After completing a complex task, the agent automatically detects reusable patterns, generates a Markdown skill file (trigger conditions, steps, cautions), and stores it under ~/.hermes/skills/. If a skill fails, it is patched automatically. PromptBuilder includes SKILLS_GUIDANCE to steer creation and update, and employs a two‑level cache (LRU + disk) for fast skill lookup.

Session Search

Full‑text search across all sessions is powered by SQLite FTS5 ( SessionDB). The flow is: session_search (FTS5 recall) → LLM summarises results → injects summary with memory snapshots → continues the main loop. This constitutes a multi‑level retrieval design.

Context Management: Pluggable Compression Engine

agent/context_engine.py

defines the abstract ContextEngine. The default implementation ContextCompressor applies a configurable compression strategy with parameters such as threshold_percent (0.75), protect_first_n (3 messages), and protect_last_n (6 messages). The process protects head and tail messages, uses an auxiliary LLM to summarise the middle portion, applies a summarisation template (solved problems, pending items, active tasks), trims tool outputs, and distributes token budget proportionally.

Additional compressors like trajectory_compressor.py support specialised batch trajectory generation for research scenarios.

Prompt Builder Security Scan

The private method _scan_context_content() checks context files ( .hermes.md, AGENTS.md, CLAUDE.md, .cursorrules) for prompt‑injection patterns, prioritising files in the order listed.

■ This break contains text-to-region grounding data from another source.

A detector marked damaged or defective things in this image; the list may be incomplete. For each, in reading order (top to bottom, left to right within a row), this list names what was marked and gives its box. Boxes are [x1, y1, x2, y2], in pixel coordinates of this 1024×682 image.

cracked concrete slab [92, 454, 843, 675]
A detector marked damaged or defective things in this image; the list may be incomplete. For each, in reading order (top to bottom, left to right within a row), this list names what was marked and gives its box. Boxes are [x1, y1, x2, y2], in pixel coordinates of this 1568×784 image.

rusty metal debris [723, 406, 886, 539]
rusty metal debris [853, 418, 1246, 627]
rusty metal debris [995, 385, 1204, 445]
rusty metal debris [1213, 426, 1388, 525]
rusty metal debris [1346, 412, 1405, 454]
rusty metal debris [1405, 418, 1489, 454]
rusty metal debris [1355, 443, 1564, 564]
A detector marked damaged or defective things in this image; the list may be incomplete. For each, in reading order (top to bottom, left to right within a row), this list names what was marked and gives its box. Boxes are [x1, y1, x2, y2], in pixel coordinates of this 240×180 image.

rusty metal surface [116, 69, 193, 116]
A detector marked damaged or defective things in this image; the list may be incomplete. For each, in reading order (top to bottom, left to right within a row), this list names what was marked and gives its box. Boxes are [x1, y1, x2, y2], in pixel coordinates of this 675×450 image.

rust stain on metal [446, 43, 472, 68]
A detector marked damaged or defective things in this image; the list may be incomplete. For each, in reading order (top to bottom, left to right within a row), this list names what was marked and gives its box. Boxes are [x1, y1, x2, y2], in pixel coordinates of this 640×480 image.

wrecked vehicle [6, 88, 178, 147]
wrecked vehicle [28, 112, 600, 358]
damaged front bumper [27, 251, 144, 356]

Sub‑Agent Delegation Mechanism

Implemented in tools/delegate_tool.py, sub‑agents are isolated: they lack parent history, have independent terminal sessions, and are restricted from using certain tools via DELEGATE_BLOCKED_TOOLS. Delegation depth is tracked by _delegate_depth (default MAX_DEPTH=1), and concurrency is limited to three sub‑agents using a ThreadPoolExecutor. Roles can be leaf (execute only) or orchestrator (can delegate further).

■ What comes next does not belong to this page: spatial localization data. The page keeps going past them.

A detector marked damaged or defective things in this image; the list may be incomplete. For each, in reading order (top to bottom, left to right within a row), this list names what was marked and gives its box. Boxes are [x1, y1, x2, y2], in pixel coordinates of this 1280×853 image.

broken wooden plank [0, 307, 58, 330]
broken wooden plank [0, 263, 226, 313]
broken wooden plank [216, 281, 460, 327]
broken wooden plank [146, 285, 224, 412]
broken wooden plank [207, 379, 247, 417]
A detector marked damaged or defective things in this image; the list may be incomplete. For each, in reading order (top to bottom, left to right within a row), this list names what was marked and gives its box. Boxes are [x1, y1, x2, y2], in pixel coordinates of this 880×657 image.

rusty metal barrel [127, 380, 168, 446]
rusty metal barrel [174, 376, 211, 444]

Multi‑Platform Gateway Architecture

gateway/run.py

provides a single‑process message gateway handling 17+ platforms (Telegram, Discord, Slack, WhatsApp, Signal, Email, SMS, Home Assistant, Mattermost, Matrix, DingTalk, Feishu, WeChat, WeCom, QQ, BlueBubbles, Webhook). Agent instances are cached (capacity 128) with LRU eviction and a 1‑hour idle TTL. The gateway maps incoming messages to the appropriate cached or newly created agent, processes the message through the agent loop, and routes the response back to the originating platform.

State Persistence: SQLite + FTS5

hermes_state.py

implements SessionDB using SQLite in WAL mode, supporting multi‑reader/single‑writer concurrency. Full‑text search is enabled via FTS5. Schema versioning is at v8 with automatic migrations. Write contention is mitigated by a random‑back‑off retry (15 attempts, 20‑150 ms jitter) to avoid convoy effects.

Strengths and Limitations

Native closed‑learning loop integrated from day 1 (planning memory, skill creation, skill self‑improvement, FTS5 retrieval, user modeling).

Self‑registering tools with composable toolsets simplify platform extensions.

Pluggable context compression with configurable thresholds and protection zones.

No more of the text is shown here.